01 julho 2006

HOLOCAOS

"Teoricamente, só há uma possibilidade perfeita de felicidade: acreditar no indestrutível em si sem a ele aspirar. O indestrutível é um; cada indivíduo o é ao mesmo tempo que é comum a todos, daí esse laço indissolúvel entre os homens, que é sem exemplo." Franz Kafka


Hoje deu vontade de beijar o mundo até ele corar! Esse mundo mesmo, pálido e com cara de bunda de nenê. É que ouvi da boca de uma criança desconhecida perguntar ao pai se era o fim. Não achei graça, dou muita bola para a ingenuidade. Tem coisa mais verdadeira? Surpreendo-me ainda com essa beleza mórbida que há em tudo na vida. De horrores já estamos fartos todos os dias. E a mancha negra que se desprende dos jornais faz um sentido tremendo, pinta os nossos dedos, deixa especialmente os olhos encardidos com essa tinta sem-choro. Tento preservar minha integridade para não ficar indiferente aos fatos. Muita gente pouco se abala com uma bala na testa, o que dirá de um esquartejamento. Almoçam picadinho em frente à TV, vidrados. Contemplam a fratura exposta do programa policial intercalado ao molho de tomate escuso no canto da boca. Aonde vamos parar? Na morte.

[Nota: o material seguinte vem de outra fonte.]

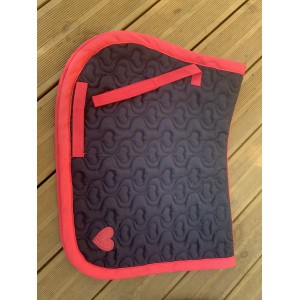 Tapis poney navy et rose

Uma placa de PARE, atravessar na faixa. Do outro lado da rua, pessoas. Do outro lado dessas, cadáver. Foi um acidente de percurso do acaso. Imaginei agora Deus bem pertinho, tal um velhinho a contemplar os pombos da praça, mas sem grão nenhum a oferecer. Aglomeração, calor e cheiros ocres. Um bando de crentes na igreja cheia alcançando só o movimento furtivo da óstia erguida, parecia. Era o inverso, porém. O corpo, que não era de Cristo, estava estendido no asfalto e a revoada daqueles espíritos-santos não acontecia. Um inferno! Fazer o quê? Era a vida...

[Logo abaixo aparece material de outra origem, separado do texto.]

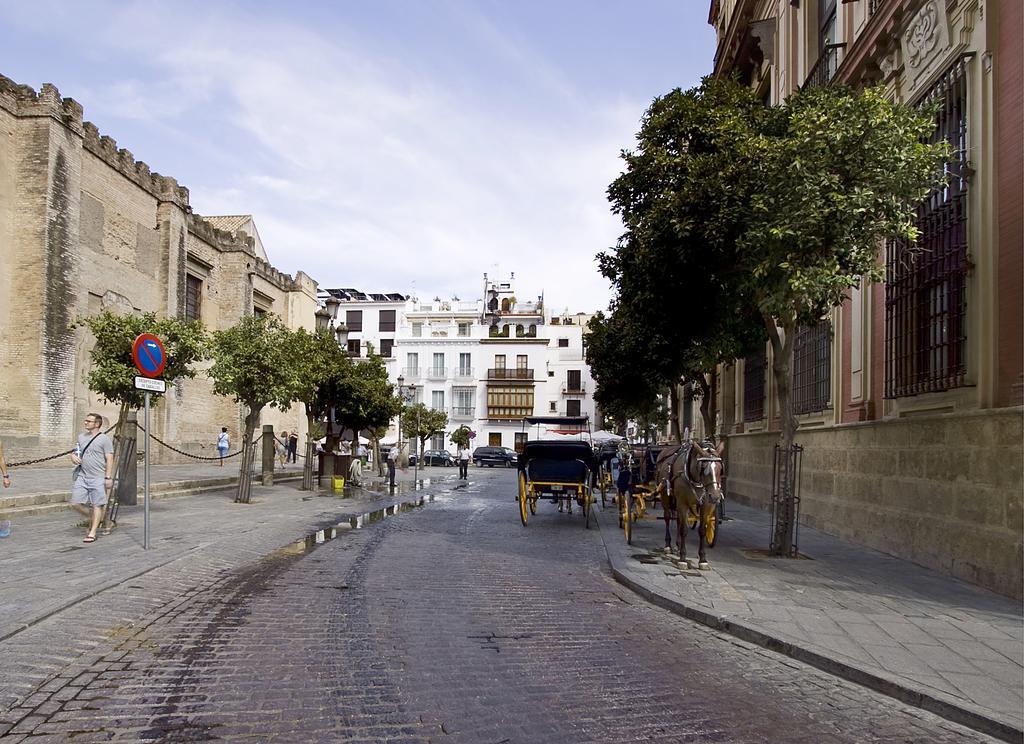 Apartamentos Alemanes Gradas Luxury Seville Luaran gambar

A realidade fora da caixinha áudio e vídeo soa mais Via-Láctica. Que mãe se atreverá um dia a produzir leite longavida nos bicos e dar atenção aos seus pobres rebentos? Nada como um novo nascimento após o alargar doloroso do útero trágico. Nada como um recém-saído da cela miúda para um cárcere maior. Desviar o foco, mudar de canal. Afinal, há outros planetas. Não adianta ficar encalacrado no universo alheio. Não que devamos ser egocêntricos o bastante, mas é que o povo gosta de uma confraternizaçãozinha barata. Imagine um bando de carpideiras agourentas num funeral, fazendo troça aos cochichos. São uma corja, assassinos da dignidade. Uma platéia sem espontaneidade no aplauso, claps induzidos. Um grupo de pretensos apreciadores da Arte zunindo críticas por despreferência pessoal. Uma cáfila de famintos chorando saliva. Um coletivo lotado suando. Uma gangue do lixo sorrindo sob o efeito da cola - coca cara. Uma classe robótica angariando o dez do professor com minissaias e garrafas de uísque importado. Um time de futebol placar 10X01 pisando na bola e fazendo gols contra. Uma outra classe, a proletária, esmagando a massa encefálica como se fossem sabonetes poupados. Uma sociedade que há de endurecer, já a perder a ternura cedo um tanto mais. Girando em circunlóquios elípticos, redundantes nas palavras e gestos, sem sair do lugar. Prisão de ventre material hodierna, diarréia cerebral pós-moderna. Estava escrito: "Viestes do Pós e ao Pós voltarás". Eis outra terminologia para o caos que eu não sabia. Término (do grego/troiano = fim); Logia ( logos, do "Penso, logo mais nem existo"). E quando houver a hecatombe original da humanidade inteira, uma nova consciência brotará das profundezas do que antes se julgava abominável: o lar dos insetos onívoros de silhueta achatada! Estes proliferarão da estreiteza de seus ralos para dominar, despretensiosos, a Terra. Sobreviventes dessa atmosfera que foi fera, ou melhor, Era. Agora não mais devora.